The ZKProof Community Reference is a live document, developed by on-going contributions from the community. Its initial basis was developed during the 1st ZKProof Workshop, 2018. We have defined an editorial process to improve the ZKProof Community Reference in a collaborative manner. Every year, after the annual ZKProof Workshop, a new cycle of editing will begin, starting from the discussions and accepted papers to the annual workshops.

Editors

  • Daniel Benarroch, QEDIT
  • Luís Brandão, NIST/STRATIVIA
  • Mary Maller, Ethereum Foundation
  • Eran Tromer, Columbia University and TAU

Please send your feedback by email to [email protected].

Table of contents

  1. Cycle 2021
  2. Cycle 2020
  3. Cycle 2019
    1. Submission Process
  4. Cycle 2018

Cycle 2021

Editorial work has continued in the months before the 4th ZKProof Workshop. Contributions are being collected to expand Chapter 2 on ZKP Paradigms. Further contributions will be collected during the 4th ZKProof Workshop, and we hope to publish ZCR v0.3 by the end of 2021.

Cycle 2020

We have published version 0.2 of the document, dated December 31, 2019. We thank all the received contributions. You can see the specific changes in the “diff” file in this repo.
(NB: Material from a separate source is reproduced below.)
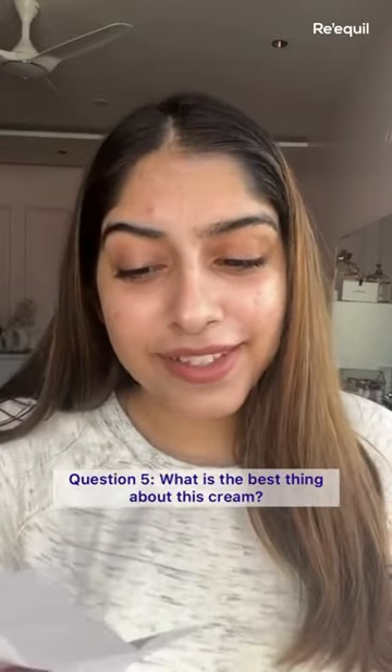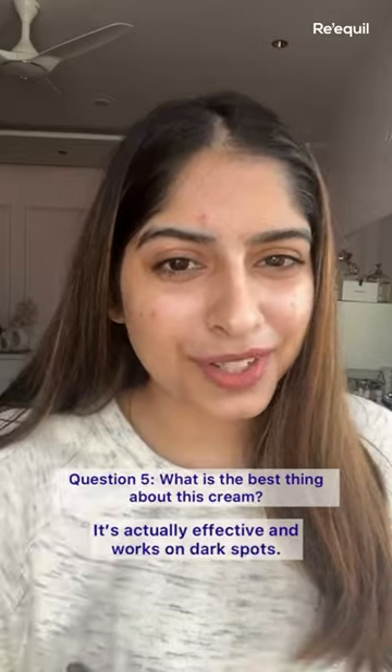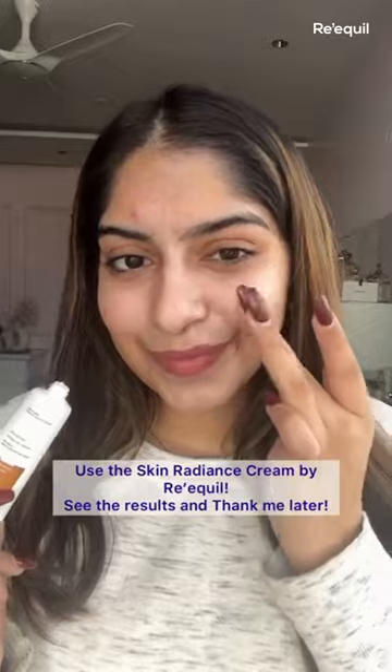Last question — what is the best thing about the Skin Radiance Cream? It's actually effective and works on dark spots. Use the Skin Radiance Cream by Riquel. Try it, see the results, and thank me later.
To finalize this cycle of development of the ZKProof Community Reference, and prepare for the next one, we had a call for feedback on the period Jan 01 to July 31 (2020).
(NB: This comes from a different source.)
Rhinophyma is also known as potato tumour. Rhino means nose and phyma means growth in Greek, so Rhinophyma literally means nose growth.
The feedback was requested in order to prepare topics of discussion for the 3rd ZKProof workshop (April 20 – May 21), which kicked-off a new cycle open to contributions.

On August 14th, we published the call for contributions for this cycle. It can be found our the GitHub repository.

Note that this cycle did not produce a new version of the ZkpComRef, so it was decided to the continue the work throughout the following cycle.

Cycle 2019

You can find the notes from the discussions that took place in the “breakout” and “proposal” sessions at the 2nd ZKProof Workshop in the community forum.

The received and integrated contributions are documented in the Diff (diff-v0.2-from-v0.1.pdf) and also reflected in the GitHub page. Each contribution is tagged as suggested, confirmed, submitted and integrated as per its current status, which allows the community to track the state of the contributions. Contributions may be of several types, such as: writing a new section or paragraph; creating or editing a table; upgrading the bibliography; editing typos, etc.

Submission Process

Step 1 (by July 16th): Confirm intent to contribute and identify items of contribution

If your name appears in the list of contributors or you want to volunteer with a new suggestion, then, by June 22nd, please do:

  1. Send an email to [email protected] confirming (or refuting) your contribution, including the details listed below; or
  2. Submit the initial explanation as a GitHub issue in the zkreference repository (see the existing issues as examples).

If you confirmed your proposed contribution through email, or by default if you’ve volunteered earlier but do not confirm, the editors will create the GitHub Issue for the identified contribution (see the existing issues).

Each contribution should be accompanied by an explanation, which the editors will later use in a “diff” file (that will cross reference all changes with their explanations). The explanation should include:

  • Issue title: <a title for the contribution; 3-10 words>
  • Proposed contribution: <brief description and motivation about the change; 20-50 words>
  • Related locations: <location in the (Reference or Proposal) document where the contribution should be added>
  • Proposed contributors: __
  • Contribution context: <e.g., which session in the ZKProof workshop motivated this>

Step 2 (by September 10th): Submit the contributions

Choose any of these three official methods to submit your contribution:

  • Email to contributors: send an email with your contribution and the (possibly revised) explanation to [email protected]
  • GitHub issues: submit the contribution to the GitHub issue previously created about the intended contribution.
  • GitHub pull requests: you can also submit a GitHub pull request to the master branch of the zkreference repository with the contribution integrated into the LaTeX document.

Cycle 2018

A set of three documents was created in the 1st ZKProof Workshop.